Using the data below, restate exactly every line from the one with "Квартира площадью 35 м2 в Тоскане, Италия" up to and including the one with "Skinny Fit Pull On Jeggings". No picture belongs in it.

▶ **Excerpted data**:
▼▼▼
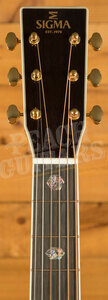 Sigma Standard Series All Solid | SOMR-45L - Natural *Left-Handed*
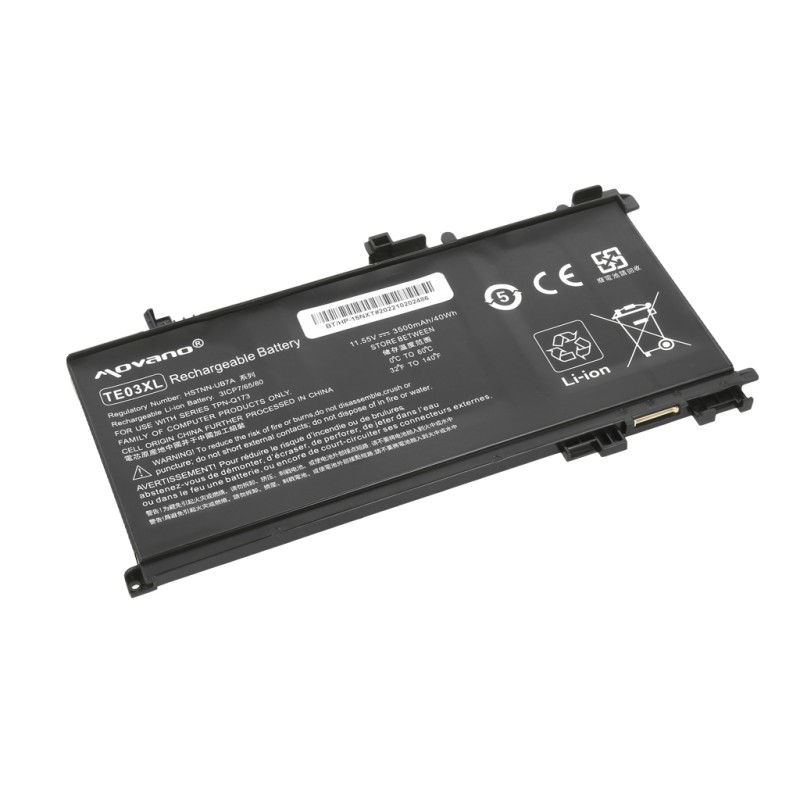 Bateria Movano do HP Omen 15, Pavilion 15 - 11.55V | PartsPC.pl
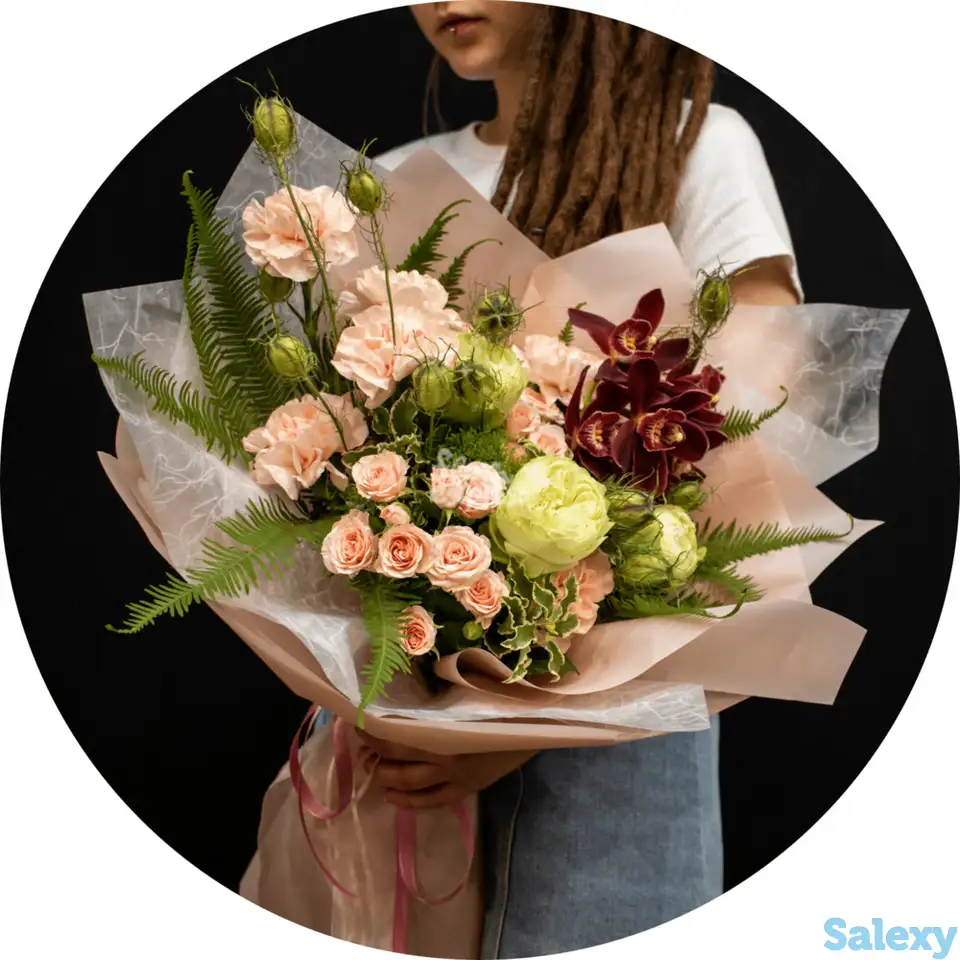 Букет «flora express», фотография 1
▲▲▲
▼▼▼
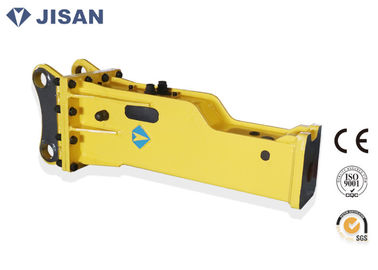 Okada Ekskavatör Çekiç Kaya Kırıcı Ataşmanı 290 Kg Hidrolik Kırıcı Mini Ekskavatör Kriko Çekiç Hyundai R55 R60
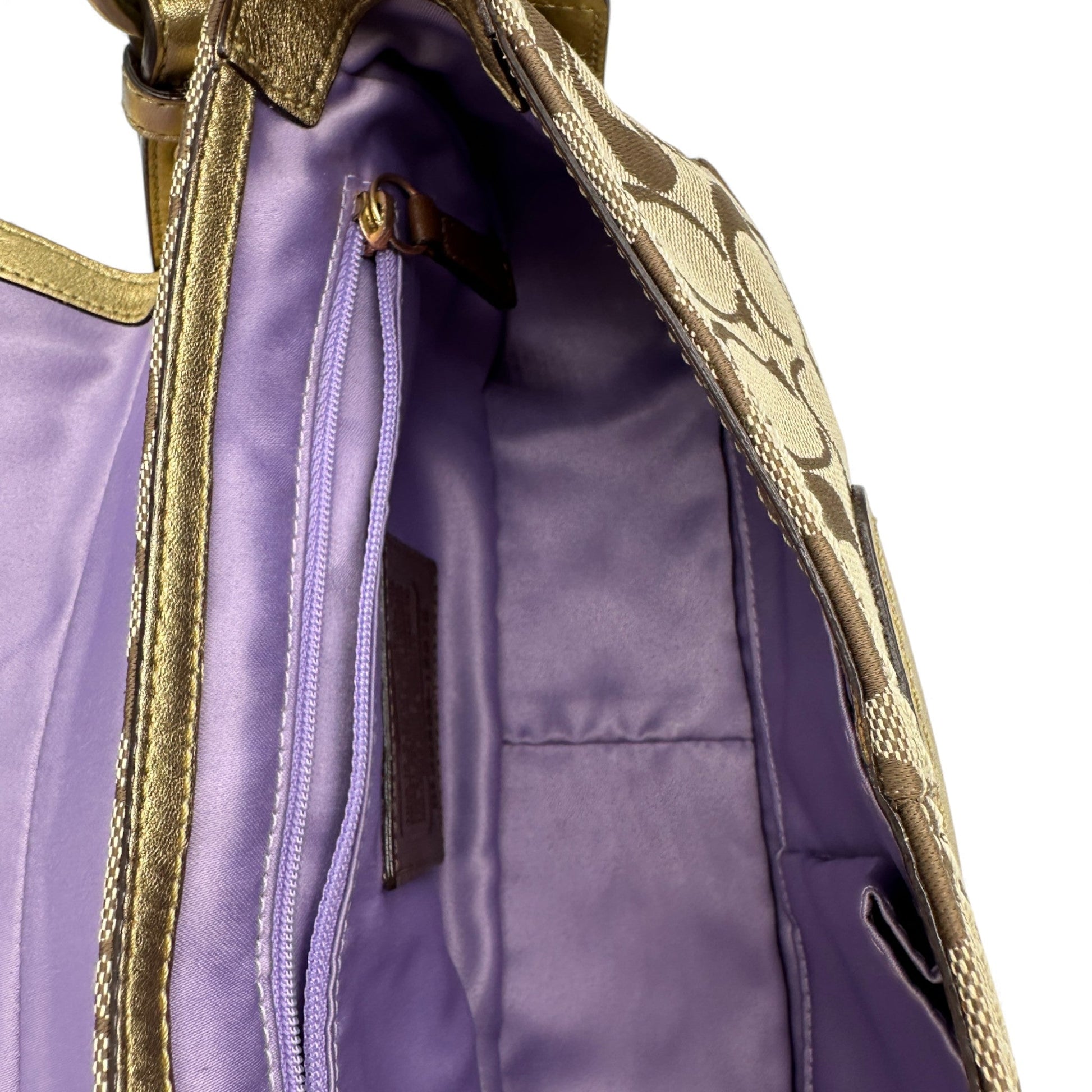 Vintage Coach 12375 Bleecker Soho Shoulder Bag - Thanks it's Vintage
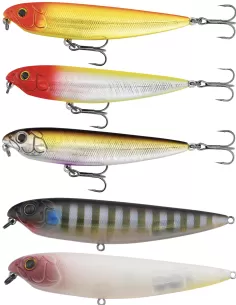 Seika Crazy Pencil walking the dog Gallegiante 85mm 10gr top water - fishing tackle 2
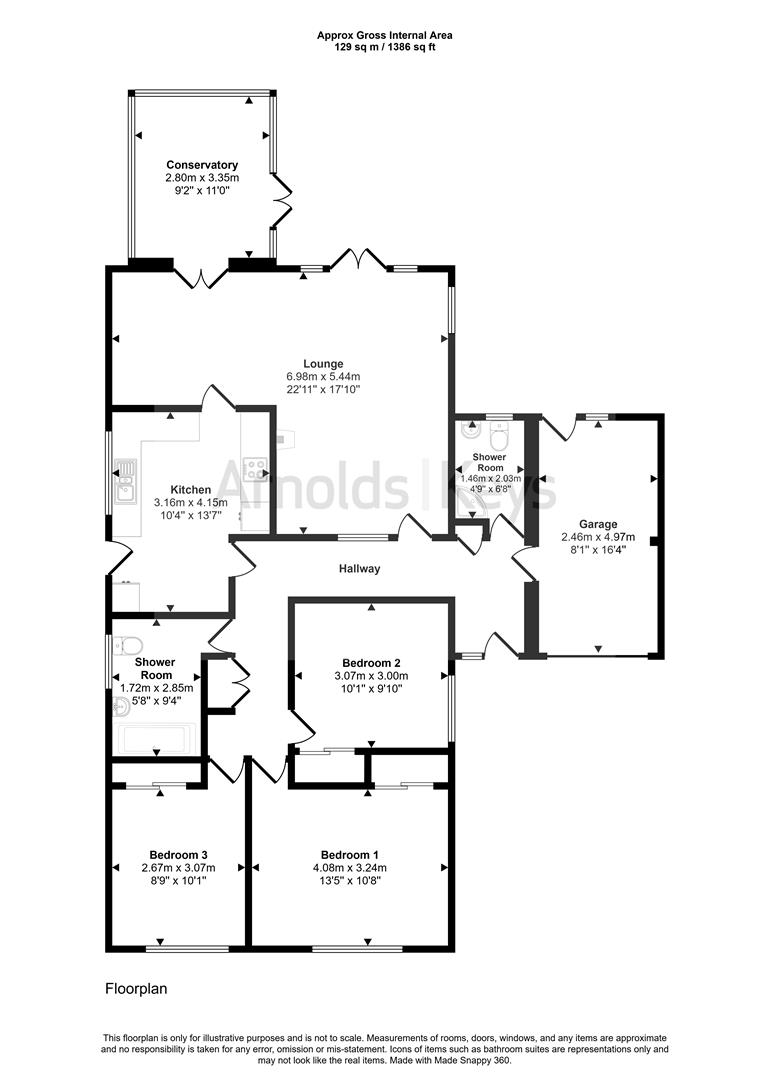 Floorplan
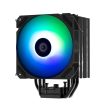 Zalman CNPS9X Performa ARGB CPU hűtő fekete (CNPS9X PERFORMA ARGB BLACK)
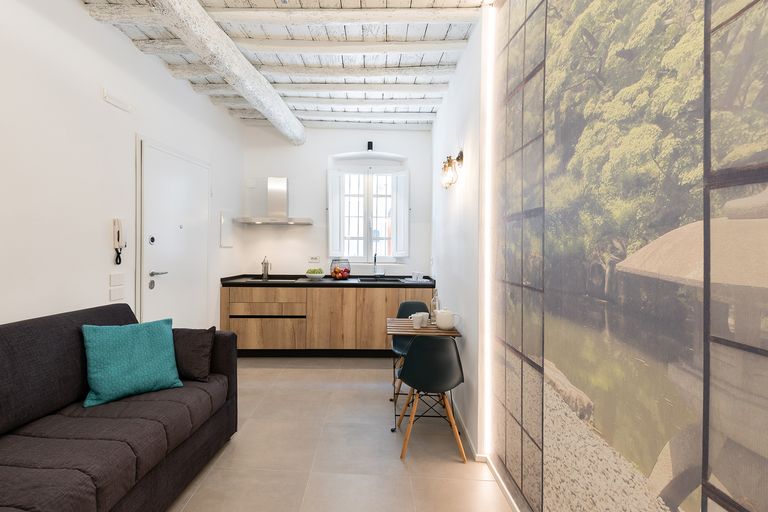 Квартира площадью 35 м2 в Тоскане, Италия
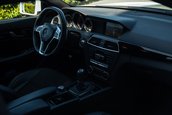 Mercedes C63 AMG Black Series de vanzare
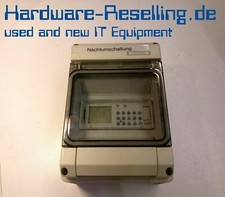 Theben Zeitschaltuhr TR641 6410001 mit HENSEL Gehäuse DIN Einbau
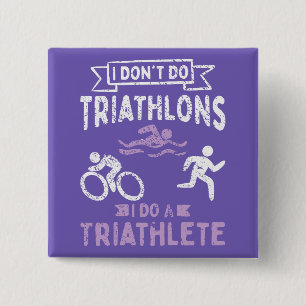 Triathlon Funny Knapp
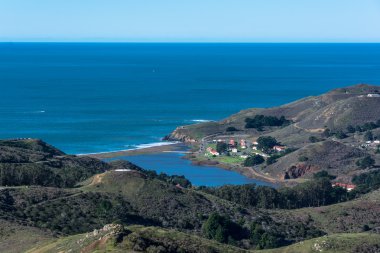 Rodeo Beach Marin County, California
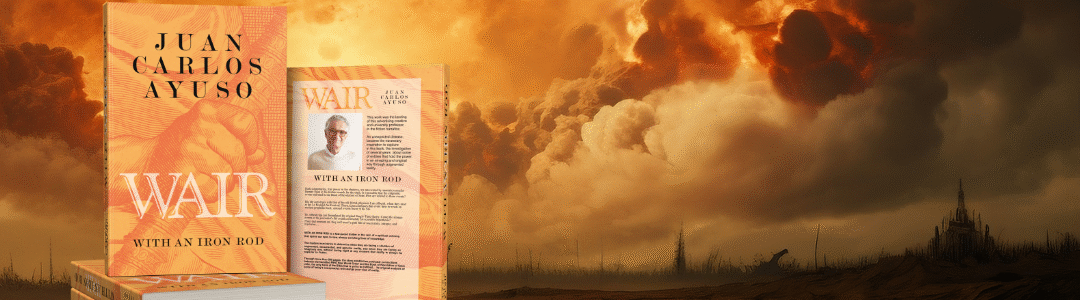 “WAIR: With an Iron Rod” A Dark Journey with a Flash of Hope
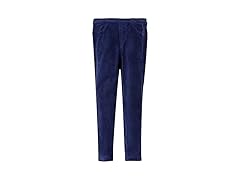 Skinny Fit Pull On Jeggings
▲▲▲
▶ **Problem solution**:
 Квартира площадью 35 м2 в Тоскане, Италия
 Mercedes C63 AMG Black Series de vanzare
 Theben Zeitschaltuhr TR641 6410001 mit HENSEL Gehäuse DIN Einbau
 Triathlon Funny Knapp
 Rodeo Beach Marin County, California
 “WAIR: With an Iron Rod” A Dark Journey with a Flash of Hope
 Skinny Fit Pull On Jeggings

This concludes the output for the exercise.